人形町。東京の中心日本橋にある歴史と伝統を持った小粋な下町。
活気のある中央通りをひょいっと抜けて一本路地裏に入れば、昔ながらの雰囲気を感じられる通りが。心地よい夕方の涼しげな風が柔らかく吹き抜け、暗くなり出した空を照らすようにポツポツとお店の看板が灯りだす。その景色を楽しみながら少し歩くと、江戸っ子しか知らない名店が顔を出す。

大衆割烹「かぶや」

割烹と聞けば敷居が高いイメージを持ってしまいがちだが、ランチには割烹料理をお弁当にして売ってくれていて、若い男性やOLも買いに来る。敷居の高い店が苦手な筆者にとっても実にありがたい話である(笑)

昭和からタイムスリップしてきたような店構え。実に趣がある。これだけで一杯いけそうな気がするのは私だけであろうか。
お店の入り口の引き戸を開けるには少しコツがいる。引き戸を持って三回上に軽く持ち上げてから、引くと開くのだ。「せーの、ガタッ、ガタッ、ガタッ、、、ガラガラガラ!」ほらね?(笑)
一見のお客さんはここで断念して帰る人も多いとか。

店内には6席のカウンターに、小上がりには座敷席が1つ、2つ、3つ。奥には個室があり年末には宴会も受け付けているとか。割烹で忘年会、いいじゃないか。意外といえば怒られるが、店内は隅々まで綺麗で清潔感がある。壁には落語家さん等のサインが並べられてあるが、誰のサインなのか分からないのもチラホラ(笑)

カウンターの中には長年夫婦で店を切り盛りしてきたお二方が。この二人の雰囲気だけで、ここの料理が美味しいのを確信できる。とりあえずビールを頼んで、待ってる間に熱々のおしぼりをおもむろに顔に「ばふっ」。くーっ!気持ちいいー!いや濁点をつけるレベルだ。き゛も゛ち゛い゛い゛…!!顔だけサウナに入った如し‥!この瞬間に今日一日の疲れが吹っ飛ぶ。「顔サウナ」に入ってる間に届いたビールジョッキは冷凍庫から出したばかりで霜がたっている。日中は真夏日だったせいもあり、ワイシャツが汗で体に張り付く程であった。この一杯の為に暫しの間、水分も取らずに我慢してきた。では…!ゴクッゴクッゴクッゴクッ…ゴクッ、、、くーーーーーーっ!!うますぎる!!危うく五回目の「ゴクッ」で気を失いかけた(笑)

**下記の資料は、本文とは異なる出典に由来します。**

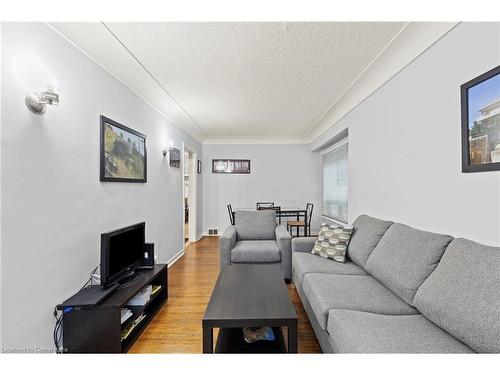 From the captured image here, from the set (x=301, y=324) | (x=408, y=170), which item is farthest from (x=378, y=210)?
(x=301, y=324)

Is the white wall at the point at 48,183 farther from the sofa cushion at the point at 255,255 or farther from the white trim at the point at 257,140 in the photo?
the white trim at the point at 257,140

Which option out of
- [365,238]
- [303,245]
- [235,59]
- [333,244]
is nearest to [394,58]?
[235,59]

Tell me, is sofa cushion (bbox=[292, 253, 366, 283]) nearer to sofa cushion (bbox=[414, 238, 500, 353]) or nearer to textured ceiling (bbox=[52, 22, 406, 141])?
sofa cushion (bbox=[414, 238, 500, 353])

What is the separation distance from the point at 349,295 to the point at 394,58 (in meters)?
2.06

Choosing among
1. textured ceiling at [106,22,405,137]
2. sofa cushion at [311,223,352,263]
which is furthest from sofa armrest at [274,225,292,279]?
textured ceiling at [106,22,405,137]

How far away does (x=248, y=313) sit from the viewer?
1.43m

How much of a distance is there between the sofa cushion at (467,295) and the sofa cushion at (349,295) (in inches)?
7.4

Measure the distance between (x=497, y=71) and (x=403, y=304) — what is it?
1457 millimetres

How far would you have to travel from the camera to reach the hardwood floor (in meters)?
1.80

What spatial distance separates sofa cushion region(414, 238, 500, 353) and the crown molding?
1459mm

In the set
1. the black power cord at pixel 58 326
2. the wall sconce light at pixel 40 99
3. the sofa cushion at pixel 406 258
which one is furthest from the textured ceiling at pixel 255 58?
the black power cord at pixel 58 326

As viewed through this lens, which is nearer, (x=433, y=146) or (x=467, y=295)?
(x=467, y=295)

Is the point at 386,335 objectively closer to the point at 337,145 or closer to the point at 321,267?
the point at 321,267

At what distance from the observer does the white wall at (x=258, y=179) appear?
5.98 m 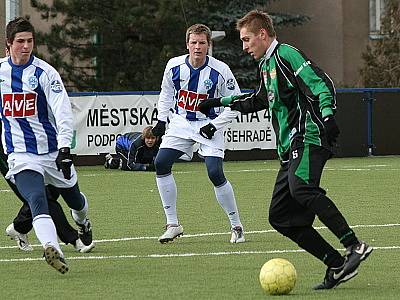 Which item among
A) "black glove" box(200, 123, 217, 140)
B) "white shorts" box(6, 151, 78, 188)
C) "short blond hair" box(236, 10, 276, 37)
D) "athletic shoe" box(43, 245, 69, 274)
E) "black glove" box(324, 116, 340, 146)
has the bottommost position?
"athletic shoe" box(43, 245, 69, 274)

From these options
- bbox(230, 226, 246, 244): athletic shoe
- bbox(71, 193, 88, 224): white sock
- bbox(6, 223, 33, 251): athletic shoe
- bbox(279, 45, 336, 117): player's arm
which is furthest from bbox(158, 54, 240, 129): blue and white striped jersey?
bbox(279, 45, 336, 117): player's arm

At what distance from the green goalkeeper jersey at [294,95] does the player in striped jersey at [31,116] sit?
63.5 inches

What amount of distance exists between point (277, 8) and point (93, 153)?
16375 mm

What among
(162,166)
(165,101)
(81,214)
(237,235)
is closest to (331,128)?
(81,214)

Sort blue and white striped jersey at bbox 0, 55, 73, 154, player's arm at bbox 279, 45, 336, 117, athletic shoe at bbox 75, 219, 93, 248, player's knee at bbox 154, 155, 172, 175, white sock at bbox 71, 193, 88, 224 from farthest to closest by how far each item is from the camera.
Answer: player's knee at bbox 154, 155, 172, 175 < athletic shoe at bbox 75, 219, 93, 248 < white sock at bbox 71, 193, 88, 224 < blue and white striped jersey at bbox 0, 55, 73, 154 < player's arm at bbox 279, 45, 336, 117

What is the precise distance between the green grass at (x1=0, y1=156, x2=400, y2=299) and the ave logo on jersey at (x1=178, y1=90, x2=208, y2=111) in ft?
4.17

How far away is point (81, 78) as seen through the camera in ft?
115

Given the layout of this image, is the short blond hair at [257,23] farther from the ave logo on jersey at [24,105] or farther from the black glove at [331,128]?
the ave logo on jersey at [24,105]

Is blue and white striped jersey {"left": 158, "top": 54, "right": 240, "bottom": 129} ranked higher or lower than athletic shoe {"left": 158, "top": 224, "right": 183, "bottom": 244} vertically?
higher

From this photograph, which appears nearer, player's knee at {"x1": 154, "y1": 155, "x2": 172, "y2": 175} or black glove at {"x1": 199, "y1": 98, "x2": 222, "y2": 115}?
black glove at {"x1": 199, "y1": 98, "x2": 222, "y2": 115}

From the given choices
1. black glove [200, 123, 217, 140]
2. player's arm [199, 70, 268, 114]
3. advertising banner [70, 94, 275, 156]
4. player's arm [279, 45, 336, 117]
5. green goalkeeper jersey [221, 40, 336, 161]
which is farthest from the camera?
advertising banner [70, 94, 275, 156]

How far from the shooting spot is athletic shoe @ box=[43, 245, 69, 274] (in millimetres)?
9367

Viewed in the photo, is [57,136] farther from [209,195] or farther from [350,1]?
[350,1]

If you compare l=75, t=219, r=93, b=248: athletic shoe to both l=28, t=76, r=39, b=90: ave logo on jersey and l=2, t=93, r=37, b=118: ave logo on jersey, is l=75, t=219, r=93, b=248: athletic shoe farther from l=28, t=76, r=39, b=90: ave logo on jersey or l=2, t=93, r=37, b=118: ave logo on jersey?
l=28, t=76, r=39, b=90: ave logo on jersey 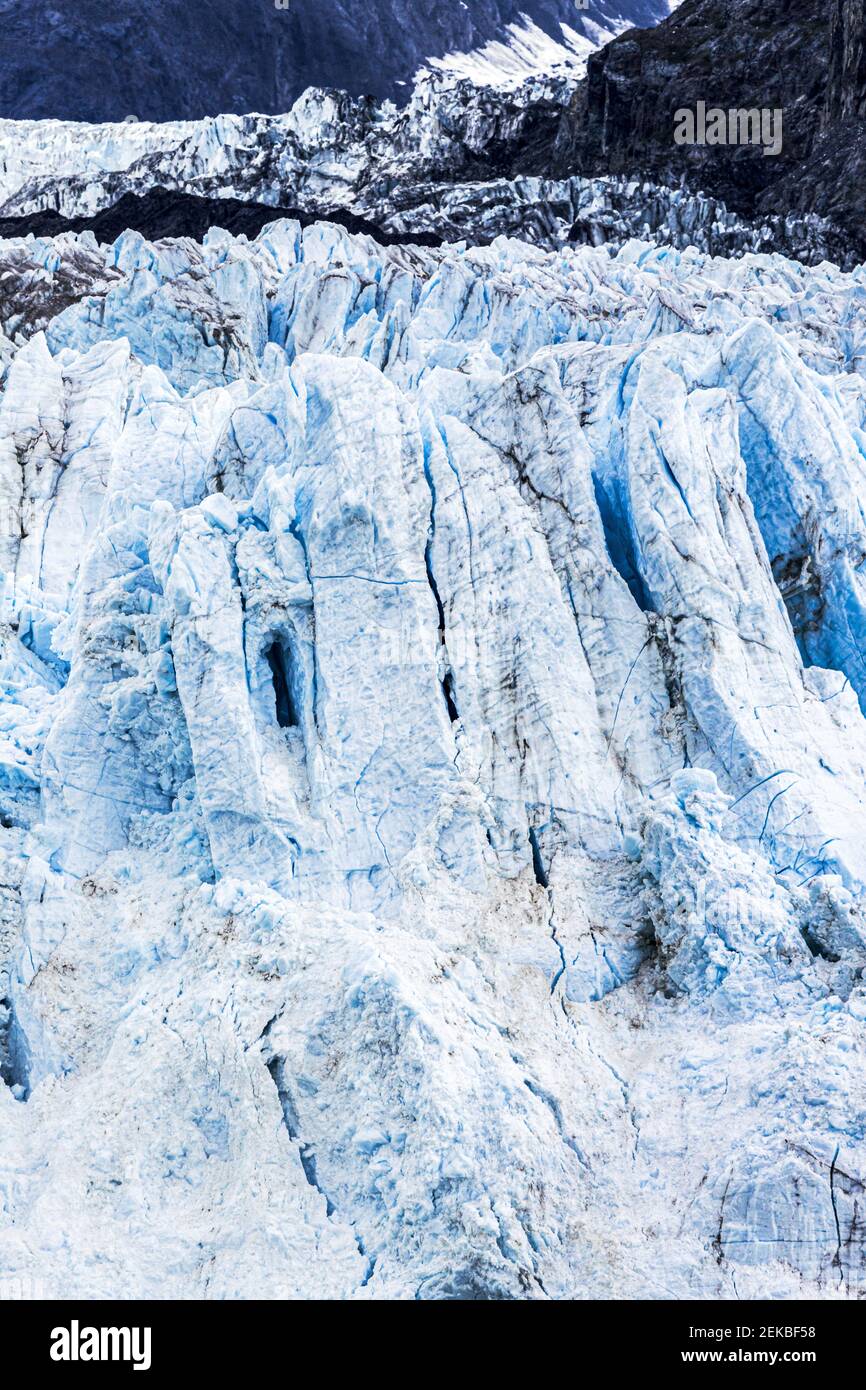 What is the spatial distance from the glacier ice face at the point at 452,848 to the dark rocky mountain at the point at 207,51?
305 ft

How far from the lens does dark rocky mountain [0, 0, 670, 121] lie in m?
93.5

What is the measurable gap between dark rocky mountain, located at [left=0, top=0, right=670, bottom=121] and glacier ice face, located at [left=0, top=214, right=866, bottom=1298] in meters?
93.0

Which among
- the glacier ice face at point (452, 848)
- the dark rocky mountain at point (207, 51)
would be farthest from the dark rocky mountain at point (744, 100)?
the glacier ice face at point (452, 848)

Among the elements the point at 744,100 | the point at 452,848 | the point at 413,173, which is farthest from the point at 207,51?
the point at 452,848

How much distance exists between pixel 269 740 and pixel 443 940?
3.06 metres

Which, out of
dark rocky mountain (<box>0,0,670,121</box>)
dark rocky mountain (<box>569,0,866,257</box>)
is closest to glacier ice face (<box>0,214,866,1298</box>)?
dark rocky mountain (<box>569,0,866,257</box>)

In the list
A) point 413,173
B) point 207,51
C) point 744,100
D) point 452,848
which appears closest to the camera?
point 452,848

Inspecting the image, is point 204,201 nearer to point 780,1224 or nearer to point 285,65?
point 285,65

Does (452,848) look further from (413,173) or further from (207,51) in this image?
(207,51)

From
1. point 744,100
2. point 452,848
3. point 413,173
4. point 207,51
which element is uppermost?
point 207,51

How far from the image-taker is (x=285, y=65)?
333ft

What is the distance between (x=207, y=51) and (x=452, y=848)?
106 m

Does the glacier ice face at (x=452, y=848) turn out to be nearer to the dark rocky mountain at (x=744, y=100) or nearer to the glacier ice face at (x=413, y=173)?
the glacier ice face at (x=413, y=173)

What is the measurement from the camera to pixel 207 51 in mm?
99125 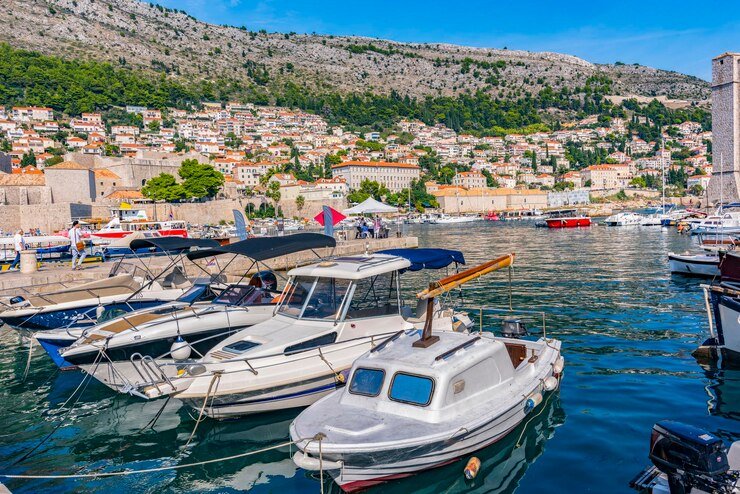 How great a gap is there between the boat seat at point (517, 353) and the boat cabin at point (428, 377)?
1.53 meters

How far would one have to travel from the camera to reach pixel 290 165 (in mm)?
129375

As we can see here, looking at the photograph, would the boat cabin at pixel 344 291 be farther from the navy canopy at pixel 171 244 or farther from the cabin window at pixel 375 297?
the navy canopy at pixel 171 244

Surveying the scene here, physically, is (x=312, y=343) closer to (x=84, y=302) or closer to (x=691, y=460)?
(x=691, y=460)

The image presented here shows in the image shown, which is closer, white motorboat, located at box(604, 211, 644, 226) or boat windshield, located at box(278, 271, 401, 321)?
boat windshield, located at box(278, 271, 401, 321)

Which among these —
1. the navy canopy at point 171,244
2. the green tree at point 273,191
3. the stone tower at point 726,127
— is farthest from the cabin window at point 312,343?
the green tree at point 273,191

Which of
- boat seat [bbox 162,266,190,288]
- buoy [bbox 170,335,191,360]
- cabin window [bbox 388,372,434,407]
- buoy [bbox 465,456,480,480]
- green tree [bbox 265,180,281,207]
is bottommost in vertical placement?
buoy [bbox 465,456,480,480]

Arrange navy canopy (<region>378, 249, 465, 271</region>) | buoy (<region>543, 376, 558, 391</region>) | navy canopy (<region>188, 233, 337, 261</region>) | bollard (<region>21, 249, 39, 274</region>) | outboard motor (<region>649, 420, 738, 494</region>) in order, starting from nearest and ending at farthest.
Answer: outboard motor (<region>649, 420, 738, 494</region>), buoy (<region>543, 376, 558, 391</region>), navy canopy (<region>188, 233, 337, 261</region>), navy canopy (<region>378, 249, 465, 271</region>), bollard (<region>21, 249, 39, 274</region>)

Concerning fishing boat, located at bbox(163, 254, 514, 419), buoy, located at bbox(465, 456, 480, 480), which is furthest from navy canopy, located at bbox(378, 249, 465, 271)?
buoy, located at bbox(465, 456, 480, 480)

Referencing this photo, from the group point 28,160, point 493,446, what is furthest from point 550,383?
point 28,160

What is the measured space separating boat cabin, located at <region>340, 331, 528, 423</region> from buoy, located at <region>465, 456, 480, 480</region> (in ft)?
1.89

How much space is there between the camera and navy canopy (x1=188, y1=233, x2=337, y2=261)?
9.81 m

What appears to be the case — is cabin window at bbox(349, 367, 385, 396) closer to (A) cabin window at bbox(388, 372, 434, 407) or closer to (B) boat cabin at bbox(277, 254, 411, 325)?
(A) cabin window at bbox(388, 372, 434, 407)

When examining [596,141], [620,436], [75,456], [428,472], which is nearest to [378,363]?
[428,472]

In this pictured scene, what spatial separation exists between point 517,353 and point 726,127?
246ft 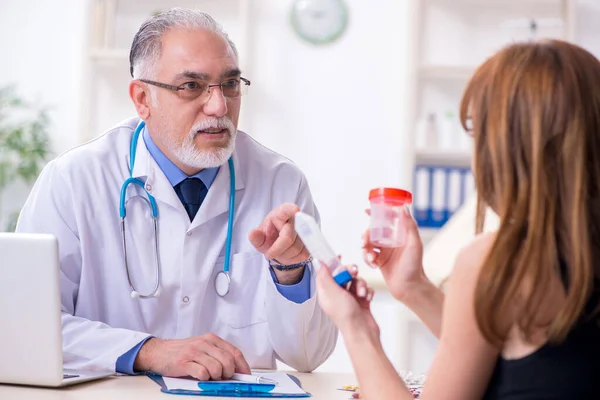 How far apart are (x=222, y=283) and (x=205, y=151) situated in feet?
1.06

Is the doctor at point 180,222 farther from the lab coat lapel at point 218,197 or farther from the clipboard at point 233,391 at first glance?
the clipboard at point 233,391

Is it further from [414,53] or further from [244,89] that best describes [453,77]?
[244,89]

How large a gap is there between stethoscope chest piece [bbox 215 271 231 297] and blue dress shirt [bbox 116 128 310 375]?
0.14 meters

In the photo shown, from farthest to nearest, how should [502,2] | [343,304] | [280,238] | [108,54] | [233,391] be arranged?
[502,2] < [108,54] < [280,238] < [233,391] < [343,304]

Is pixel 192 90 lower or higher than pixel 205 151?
higher

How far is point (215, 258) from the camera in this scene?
1975 mm

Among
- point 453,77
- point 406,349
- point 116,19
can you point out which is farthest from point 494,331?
point 116,19

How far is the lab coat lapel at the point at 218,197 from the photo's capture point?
198cm

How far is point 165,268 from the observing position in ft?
6.42

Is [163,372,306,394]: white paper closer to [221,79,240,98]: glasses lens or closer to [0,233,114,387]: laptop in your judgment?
[0,233,114,387]: laptop

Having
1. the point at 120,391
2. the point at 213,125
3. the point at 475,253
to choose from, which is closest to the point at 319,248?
the point at 475,253

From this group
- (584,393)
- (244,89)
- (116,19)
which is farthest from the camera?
(116,19)

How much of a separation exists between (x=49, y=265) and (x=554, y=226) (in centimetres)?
81

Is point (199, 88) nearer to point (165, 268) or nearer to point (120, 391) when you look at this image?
point (165, 268) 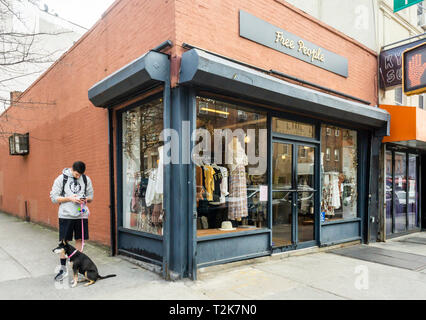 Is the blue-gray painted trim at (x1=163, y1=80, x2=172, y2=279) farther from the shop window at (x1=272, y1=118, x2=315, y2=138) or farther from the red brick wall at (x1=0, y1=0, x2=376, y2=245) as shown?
the shop window at (x1=272, y1=118, x2=315, y2=138)

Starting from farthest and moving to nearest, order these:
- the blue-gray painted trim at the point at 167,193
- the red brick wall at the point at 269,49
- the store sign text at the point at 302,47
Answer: the store sign text at the point at 302,47
the red brick wall at the point at 269,49
the blue-gray painted trim at the point at 167,193

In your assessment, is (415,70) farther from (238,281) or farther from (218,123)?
(238,281)

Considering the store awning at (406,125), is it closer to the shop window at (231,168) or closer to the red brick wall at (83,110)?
the shop window at (231,168)

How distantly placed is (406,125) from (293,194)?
3.85 m

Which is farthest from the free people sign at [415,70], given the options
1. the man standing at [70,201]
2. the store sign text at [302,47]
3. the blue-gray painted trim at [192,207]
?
the man standing at [70,201]

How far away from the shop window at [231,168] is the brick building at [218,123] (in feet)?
0.09

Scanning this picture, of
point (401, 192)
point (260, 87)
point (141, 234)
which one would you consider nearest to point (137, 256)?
point (141, 234)

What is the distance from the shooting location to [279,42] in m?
6.82

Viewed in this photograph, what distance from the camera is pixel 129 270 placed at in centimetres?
570

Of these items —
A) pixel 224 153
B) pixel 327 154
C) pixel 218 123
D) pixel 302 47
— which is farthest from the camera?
pixel 327 154

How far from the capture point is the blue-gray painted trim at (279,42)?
6215mm

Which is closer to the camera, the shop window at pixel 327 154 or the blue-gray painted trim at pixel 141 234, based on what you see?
the blue-gray painted trim at pixel 141 234

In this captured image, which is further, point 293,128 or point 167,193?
point 293,128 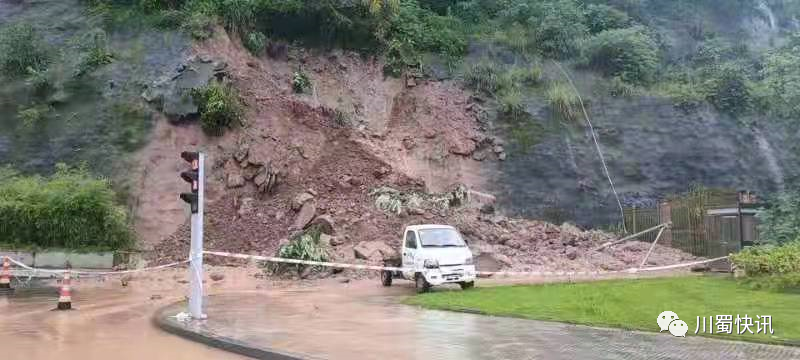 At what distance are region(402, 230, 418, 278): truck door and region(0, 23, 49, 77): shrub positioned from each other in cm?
2207

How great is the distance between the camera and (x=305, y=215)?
25.4 metres

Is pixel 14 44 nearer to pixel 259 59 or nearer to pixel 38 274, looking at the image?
pixel 259 59

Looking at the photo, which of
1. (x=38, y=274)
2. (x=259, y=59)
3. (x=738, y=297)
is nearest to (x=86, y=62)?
(x=259, y=59)

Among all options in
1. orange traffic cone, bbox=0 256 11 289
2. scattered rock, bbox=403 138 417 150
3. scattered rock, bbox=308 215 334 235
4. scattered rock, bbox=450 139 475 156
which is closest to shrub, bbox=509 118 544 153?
scattered rock, bbox=450 139 475 156

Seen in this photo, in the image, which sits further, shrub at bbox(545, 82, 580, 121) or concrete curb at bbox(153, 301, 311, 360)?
shrub at bbox(545, 82, 580, 121)

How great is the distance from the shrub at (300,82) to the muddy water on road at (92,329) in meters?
14.8

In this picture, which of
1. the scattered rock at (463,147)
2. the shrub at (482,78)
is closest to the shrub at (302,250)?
the scattered rock at (463,147)

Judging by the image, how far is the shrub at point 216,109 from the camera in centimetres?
2883

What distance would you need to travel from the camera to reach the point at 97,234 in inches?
940

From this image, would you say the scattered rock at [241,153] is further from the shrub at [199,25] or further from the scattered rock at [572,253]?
the scattered rock at [572,253]

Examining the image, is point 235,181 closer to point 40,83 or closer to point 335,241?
point 335,241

さて、この店での最初に頼む一品はこれに決まっている。



「タバコのフィルターのピクルス」¥580


この店を訪れたものは度肝を抜かれる一品だ。しかし、これが暑い時期にピッタリのあてになるのだ。吸うことにより燻製された状態になったフィルターにはほんのりスモーキーな良い香りがする。サッと焼いてもうまいのだが、ここの店主はあっさりと酢漬けにしてくれる。昔、やくみつるが芸能人の吸い殻をコレクションしてたことがあるのだが、実はあれはうまいから集めていただけらしい(笑)

店主が色んなフィルターを試した結果「セブンスター」のフィルターに落ち着いたそうだ。大人の男性のイメージの強いタバコだが実はフルーティーさと甘味もあり、女性の愛煙家も多いという。このセブンスターのフィルターのピクルスに、注文しておいたハイボールを嗜む。さあ、これで暑い夜をやり過ごすとしますか…。

人形町の一角にある「かぶや」。是非とも一度は訪れて欲しい名店である。だが、この店が不思議なのは、タバコのフィルターは料理として出すのに、店は完全禁煙だという所である(笑)



※本文に出てくる店と料理は全部、嘘です。